Are you saying that physical assault is an equal and appropriate response to verbal assault? Based upon your video posted in the other thread of the black kid and the cop at waffle house I don't believe you think so. But you sure come across as thinking it was warranted in this case by the way you keep saying the guy who got shot was totally blameless.

I'm saying shooting someone who is defending themself (or the mother of their children) is not the appropriate response.  Rather than saying someone deserves to be shot for such a defense as you are saying.

I also say that police officers have MORE or a duty to keep from using excessive physical force (if you want to bring that old post back up).  Because anyone who then responds will be charged with "resisting" and whatever striking an officer would be.  And, again since you went there, I always feel officers need held to an eve higher standard than regular citizens as they have the ability to take away your property, freedom and life.

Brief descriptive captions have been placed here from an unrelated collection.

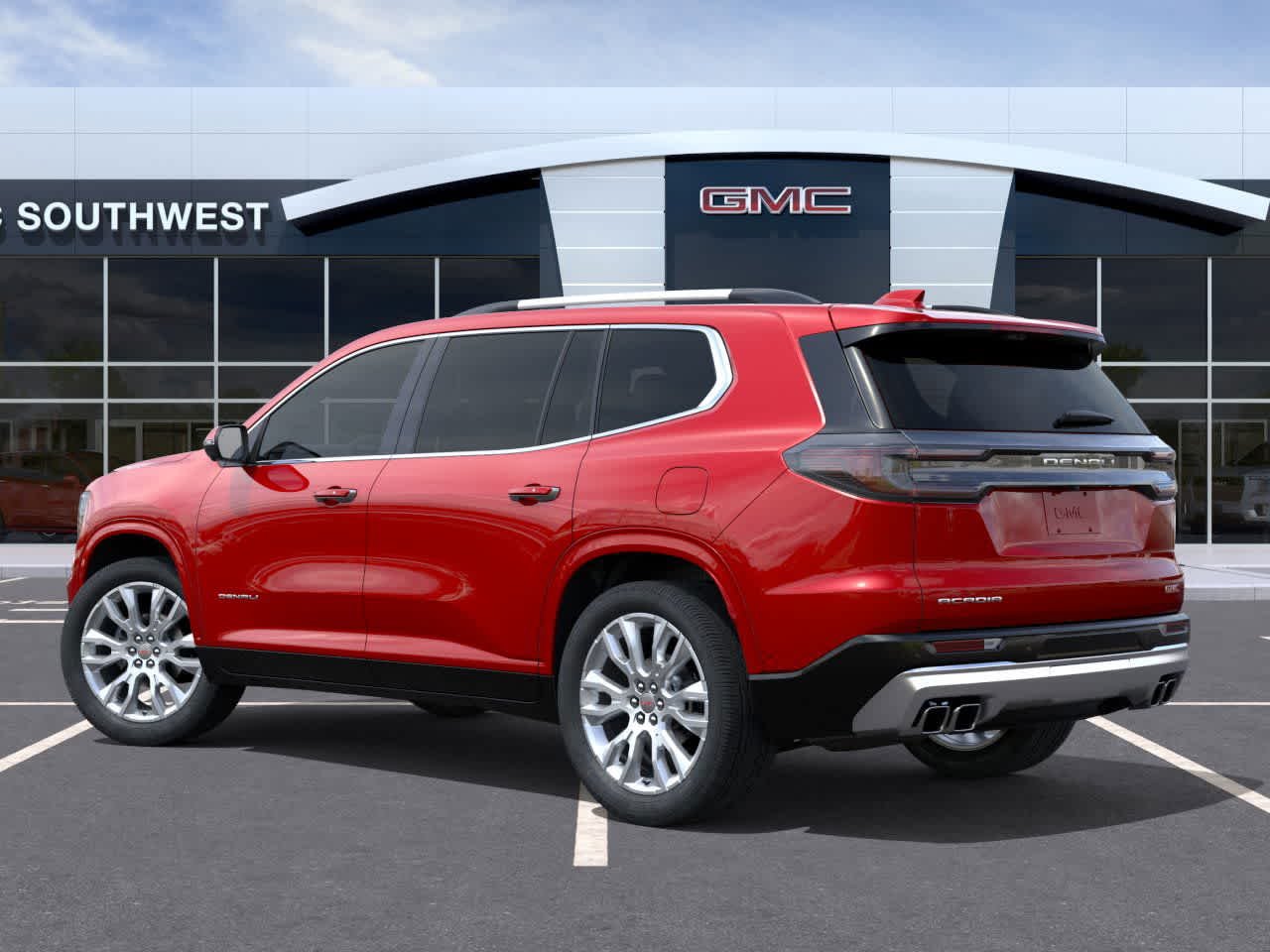 2026 GMC Acadia Denali - Photo 3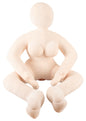 You2Toys Leona Plush Doll Schmusepuppe aus Velourplüsch, sitzend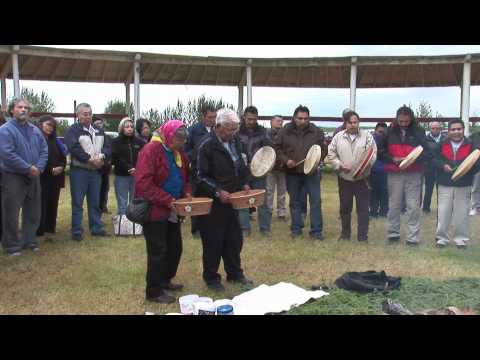 BSI B-roll: Deh Cho Traditional Drum Ceremony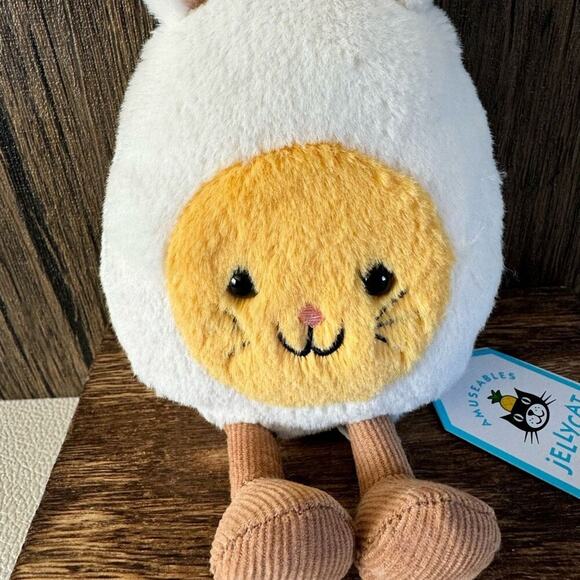 Jellycat Bunny Egg FAST SHIP NEW Rare Easter Spring Gift - Picture 3 of 8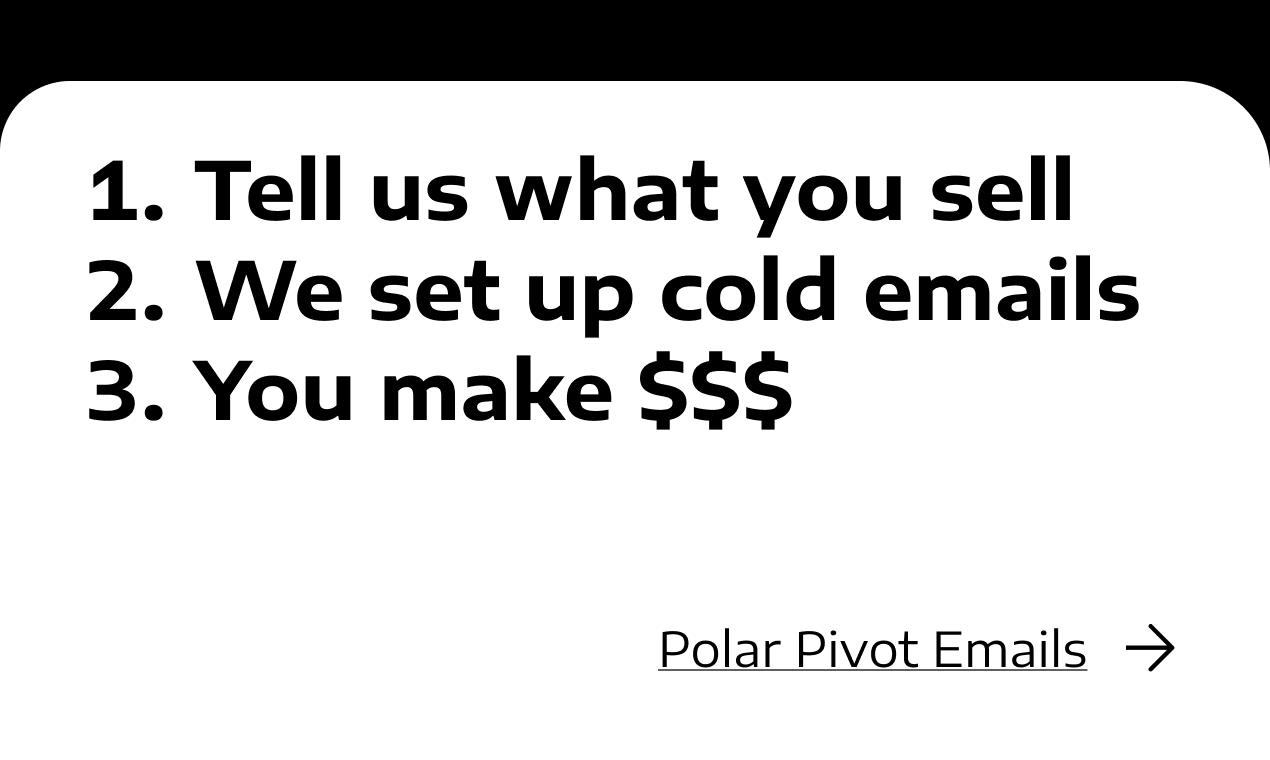 E -mails de pivô polar media 2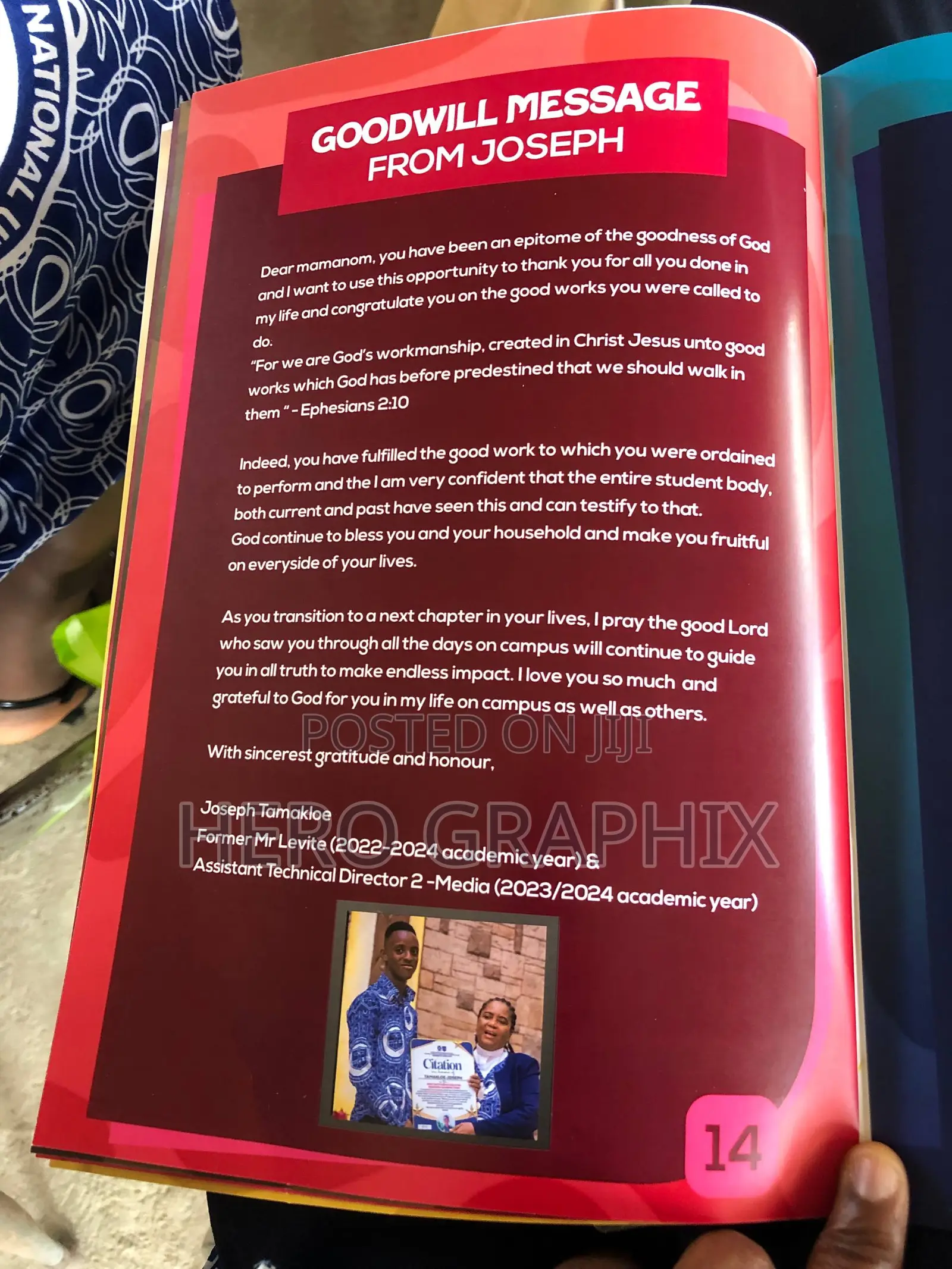 Event Brochures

However just keep saying we should be meek and afraid of all the crazy people (even if we don't know they are crazy) so that we don't get ourselves shot with no blame on the shooter who was just "defending themselves".  It's a good look.   ThumbsUp


RE: Stand Your Ground Law - Beaker - 08-09-2018

(08-09-2018, 10:58 AM)GMDino Wrote: Rather than saying someone deserves to be shot for such a defense as you are saying.

Not at all what I said and you know that full well going back through this thread. I have always maintained the guy didn't deserve to be shot, but he is not a totally blameless victim as you seem to be trying to maintain.

Quote:I also say that police officers have MORE or a duty to keep from using excessive physical force (if you want to bring that old post back up).  Because anyone who then responds will be charged with "resisting" and whatever striking an officer would be.  And, again since you went there, I always feel officers need held to an eve higher standard than regular citizens as they have the ability to take away your property, freedom and life.

I agree that officers have a duty to be held to a higher standard. But that doesn't change the point that physical assault is still not an equal response to verbal assault. A point which you seem to agree with based upon that post.

Quote:However just keep saying we should be meek and afraid of all the crazy people (even if we don't know they are crazy) so that we don't get ourselves shot with no blame on the shooter who was just "defending themselves".  It's a good look.   ThumbsUp


That was very fred of you. Smarter and aware that there are idiots out there equates to meek and afraid. 

And if some random guy is yelling at my wife, I may question his mental stability in my mind....even though "(we don't know if theyre crazy)".